EXERCISE BRIEF | After reading the entries below, copy word for word the lines from the first through the line containing "Pointe de Quartz", and stop there.

(MATERIAL PROVIDED begins)

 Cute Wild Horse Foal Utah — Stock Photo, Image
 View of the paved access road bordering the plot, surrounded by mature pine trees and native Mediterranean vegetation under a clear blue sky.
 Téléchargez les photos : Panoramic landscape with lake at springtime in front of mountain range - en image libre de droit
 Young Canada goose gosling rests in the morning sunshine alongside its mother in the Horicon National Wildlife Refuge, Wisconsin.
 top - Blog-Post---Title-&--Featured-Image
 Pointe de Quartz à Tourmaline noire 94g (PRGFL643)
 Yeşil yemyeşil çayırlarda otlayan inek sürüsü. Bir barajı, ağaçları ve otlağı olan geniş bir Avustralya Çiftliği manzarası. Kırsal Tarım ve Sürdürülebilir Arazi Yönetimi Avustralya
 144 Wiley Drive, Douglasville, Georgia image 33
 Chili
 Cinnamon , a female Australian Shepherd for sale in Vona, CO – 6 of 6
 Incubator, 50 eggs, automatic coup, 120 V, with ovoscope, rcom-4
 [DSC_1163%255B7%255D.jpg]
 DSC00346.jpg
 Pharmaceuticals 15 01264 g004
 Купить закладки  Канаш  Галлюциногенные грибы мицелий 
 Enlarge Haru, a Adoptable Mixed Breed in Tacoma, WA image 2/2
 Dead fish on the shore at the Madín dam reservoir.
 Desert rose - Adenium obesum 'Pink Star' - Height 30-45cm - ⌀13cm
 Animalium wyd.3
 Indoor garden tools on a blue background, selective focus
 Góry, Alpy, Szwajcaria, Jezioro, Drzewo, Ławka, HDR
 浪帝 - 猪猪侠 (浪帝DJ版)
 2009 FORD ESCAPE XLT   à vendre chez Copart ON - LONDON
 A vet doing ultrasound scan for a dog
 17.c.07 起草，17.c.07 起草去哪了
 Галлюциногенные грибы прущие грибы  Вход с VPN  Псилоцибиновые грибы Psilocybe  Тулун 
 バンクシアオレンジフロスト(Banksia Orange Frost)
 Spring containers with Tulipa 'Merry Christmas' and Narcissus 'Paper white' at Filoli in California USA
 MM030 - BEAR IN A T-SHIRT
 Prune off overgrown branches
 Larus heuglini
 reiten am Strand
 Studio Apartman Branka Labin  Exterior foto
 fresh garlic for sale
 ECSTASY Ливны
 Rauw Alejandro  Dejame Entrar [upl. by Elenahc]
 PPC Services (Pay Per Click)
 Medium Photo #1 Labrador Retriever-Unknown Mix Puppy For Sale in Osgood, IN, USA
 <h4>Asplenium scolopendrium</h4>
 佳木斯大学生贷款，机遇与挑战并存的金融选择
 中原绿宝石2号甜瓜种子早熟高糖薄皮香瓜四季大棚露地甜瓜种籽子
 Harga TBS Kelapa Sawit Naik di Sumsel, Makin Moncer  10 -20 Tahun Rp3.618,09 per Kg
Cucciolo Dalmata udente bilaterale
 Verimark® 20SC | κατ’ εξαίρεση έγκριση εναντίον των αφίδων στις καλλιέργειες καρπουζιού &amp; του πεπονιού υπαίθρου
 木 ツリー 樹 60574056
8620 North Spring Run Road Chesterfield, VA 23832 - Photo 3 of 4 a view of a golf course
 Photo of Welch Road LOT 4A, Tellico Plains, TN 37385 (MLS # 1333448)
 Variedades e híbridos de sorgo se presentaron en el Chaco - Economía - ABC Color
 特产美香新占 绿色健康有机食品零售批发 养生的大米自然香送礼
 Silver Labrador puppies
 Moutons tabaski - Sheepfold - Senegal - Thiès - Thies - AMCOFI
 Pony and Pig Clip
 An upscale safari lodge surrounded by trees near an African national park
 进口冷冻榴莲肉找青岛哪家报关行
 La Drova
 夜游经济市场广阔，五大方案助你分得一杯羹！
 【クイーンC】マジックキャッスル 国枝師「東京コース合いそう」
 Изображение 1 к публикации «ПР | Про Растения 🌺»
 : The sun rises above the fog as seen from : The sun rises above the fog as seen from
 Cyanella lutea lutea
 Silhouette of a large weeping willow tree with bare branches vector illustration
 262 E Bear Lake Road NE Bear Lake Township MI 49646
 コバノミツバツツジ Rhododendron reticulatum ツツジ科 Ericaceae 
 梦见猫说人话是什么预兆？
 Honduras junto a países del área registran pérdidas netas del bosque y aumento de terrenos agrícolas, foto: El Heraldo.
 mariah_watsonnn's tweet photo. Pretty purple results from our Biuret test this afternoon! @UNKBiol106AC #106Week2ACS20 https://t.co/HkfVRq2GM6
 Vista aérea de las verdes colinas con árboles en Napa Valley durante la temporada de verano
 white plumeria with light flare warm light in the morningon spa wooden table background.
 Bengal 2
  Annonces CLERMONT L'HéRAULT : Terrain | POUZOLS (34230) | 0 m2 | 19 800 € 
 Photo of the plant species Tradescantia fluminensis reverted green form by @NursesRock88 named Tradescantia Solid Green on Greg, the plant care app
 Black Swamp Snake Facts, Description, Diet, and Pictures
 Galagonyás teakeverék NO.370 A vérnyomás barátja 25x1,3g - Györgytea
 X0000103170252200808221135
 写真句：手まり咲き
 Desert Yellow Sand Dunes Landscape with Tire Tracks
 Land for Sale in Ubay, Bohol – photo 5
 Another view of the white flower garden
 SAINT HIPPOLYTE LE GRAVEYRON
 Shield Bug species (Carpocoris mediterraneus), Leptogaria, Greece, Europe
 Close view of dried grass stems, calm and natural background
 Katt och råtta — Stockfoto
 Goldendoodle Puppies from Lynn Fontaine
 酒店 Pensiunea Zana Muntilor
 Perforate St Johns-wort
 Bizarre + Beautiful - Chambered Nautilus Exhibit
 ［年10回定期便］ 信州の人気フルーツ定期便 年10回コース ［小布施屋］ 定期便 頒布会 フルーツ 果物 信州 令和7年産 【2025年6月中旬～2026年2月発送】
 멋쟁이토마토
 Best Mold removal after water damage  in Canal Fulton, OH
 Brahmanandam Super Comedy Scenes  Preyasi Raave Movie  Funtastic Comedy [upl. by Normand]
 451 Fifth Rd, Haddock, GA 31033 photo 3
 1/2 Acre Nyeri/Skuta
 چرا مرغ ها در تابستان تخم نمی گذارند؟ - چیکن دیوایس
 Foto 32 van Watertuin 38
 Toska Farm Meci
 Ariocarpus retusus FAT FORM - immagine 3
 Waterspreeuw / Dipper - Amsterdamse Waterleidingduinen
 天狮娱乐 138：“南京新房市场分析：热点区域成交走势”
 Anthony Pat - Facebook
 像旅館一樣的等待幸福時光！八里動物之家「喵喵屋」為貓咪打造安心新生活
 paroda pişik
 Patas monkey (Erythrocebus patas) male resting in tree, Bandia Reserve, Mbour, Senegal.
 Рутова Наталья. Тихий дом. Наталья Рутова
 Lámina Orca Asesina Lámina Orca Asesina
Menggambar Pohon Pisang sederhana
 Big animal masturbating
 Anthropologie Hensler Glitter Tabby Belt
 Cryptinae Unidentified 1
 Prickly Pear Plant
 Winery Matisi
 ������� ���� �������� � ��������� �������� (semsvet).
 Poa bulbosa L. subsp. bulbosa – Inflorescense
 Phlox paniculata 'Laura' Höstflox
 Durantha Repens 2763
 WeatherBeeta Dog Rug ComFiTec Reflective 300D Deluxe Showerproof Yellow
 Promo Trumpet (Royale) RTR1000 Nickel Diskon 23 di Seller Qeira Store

(MATERIAL PROVIDED ends)

WRITTEN RESPONSE |
 Cute Wild Horse Foal Utah — Stock Photo, Image
 View of the paved access road bordering the plot, surrounded by mature pine trees and native Mediterranean vegetation under a clear blue sky.
 Téléchargez les photos : Panoramic landscape with lake at springtime in front of mountain range - en image libre de droit
 Young Canada goose gosling rests in the morning sunshine alongside its mother in the Horicon National Wildlife Refuge, Wisconsin.
 top - Blog-Post---Title-&--Featured-Image
 Pointe de Quartz à Tourmaline noire 94g (PRGFL643)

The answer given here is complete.